Because of its high evolution rate, HIV shows a large amount of natural variation. This variation is currently classified in nine identified subtypes within the HIV-1 main group, and 16 circulating recombinant forms (CRFs), which are epidemic strains reflecting mosaic recombinations of the pure subtypes with each other or with other CRFs. In addition, unclassified strains and new recombinants are being increasingly reported. Subtype B is the most prevalent HIV subtype in the Western world, and antiretroviral drugs have been targeted mainly at this subtype. The applicability of current drugs has been studied for non-B subtypes (Kantor and Katzenstein, 2004) and it is currently believed that these drugs work also for non-B subtypes. However there is concern that some minor resistance-associated mutations in subtype B are in fact wild-type amino acids in other subtypes. In addition, different prevalences of known resistance-associated mutations and new mutations are seen in different subtypes.
To model the effect of mutations and of their interactions on drug resistance, we used Bayesian networks (see also Introduction to Bayesian Networks in Supplementary material). A Bayesian network (BN) is a probabilistic model that describes statistical independencies between multiple variables (Pearl, 1998). Dependencies are represented in a directed acyclic graph and form the qualitative component of a BN. A BN may be learned from data by searching for the network that explains a maximum of the observed correlations in the data using a minimum number of arcs (Hackerman, 1999), and we learned a BN from amino acid sequence data annotated with treatment. Because BN learning has previously successfully been used to discover relationships between amino acids for predicting protein secondary structure (Klingler and Brutlag, 1994), they are well suited to learn interactions between different protein residues. We show how a semantic meaning can be postulated with respect to drug resistance for the presence of arcs in the network between amino acids and for the network structure around the drug node.

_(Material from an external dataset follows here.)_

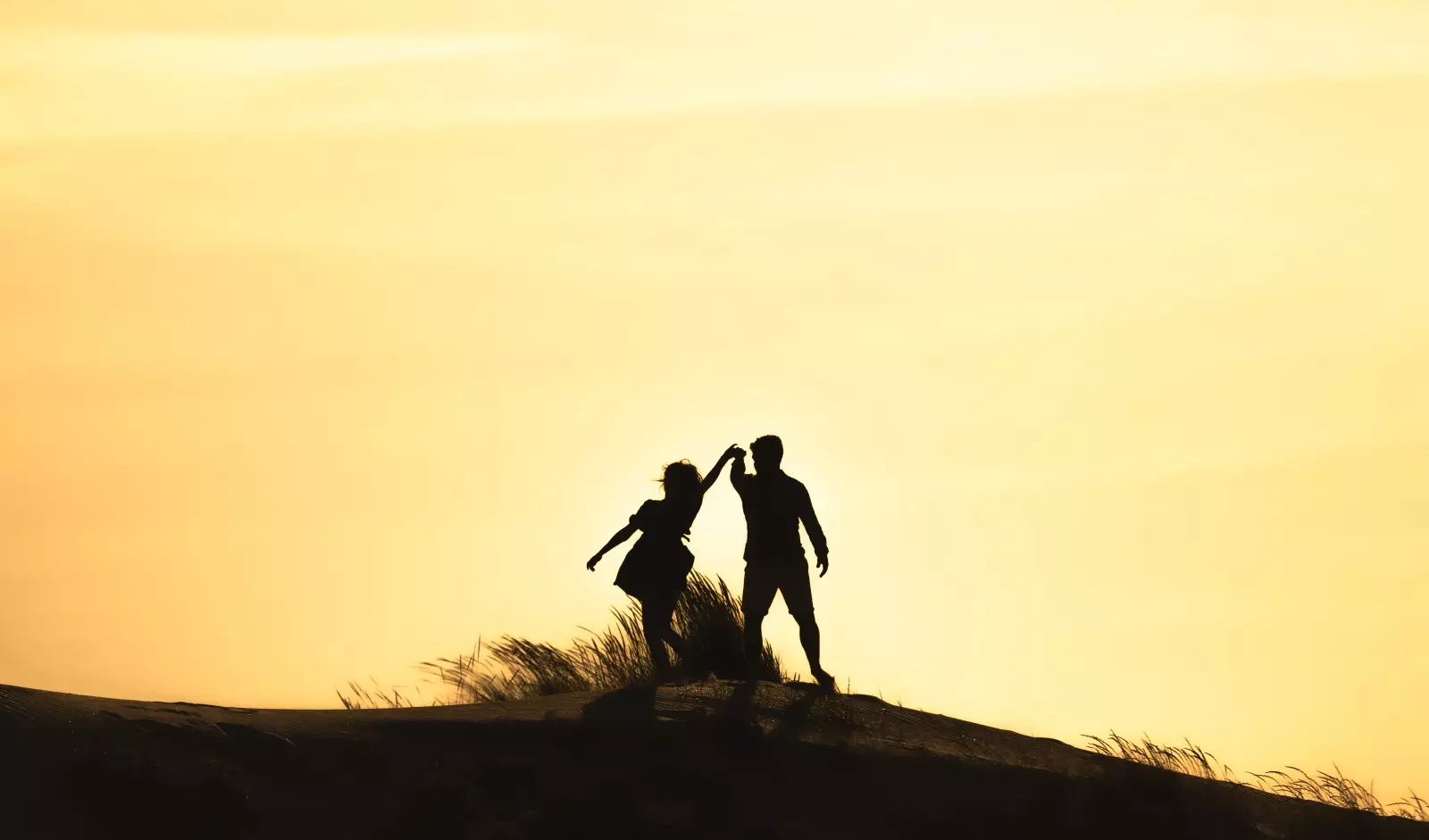 Banner image 3/3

The objective of this work was to evaluate the usefulness of BN learning to gain insight in resistance pathways against the protease inhibitor nelfinavir, by identifying the role of mutations selected during treatment. In addition, we discovered interactions between background polymorphic positions and resistance mutations that may explain observed subtype differences. Our results may be relevant for genotypic resistance interpretation algorithms that intend to predict the therapy response for various drugs (Van Laethem et al., 2002), based on the presence of mutations at positions associated with drug resistance.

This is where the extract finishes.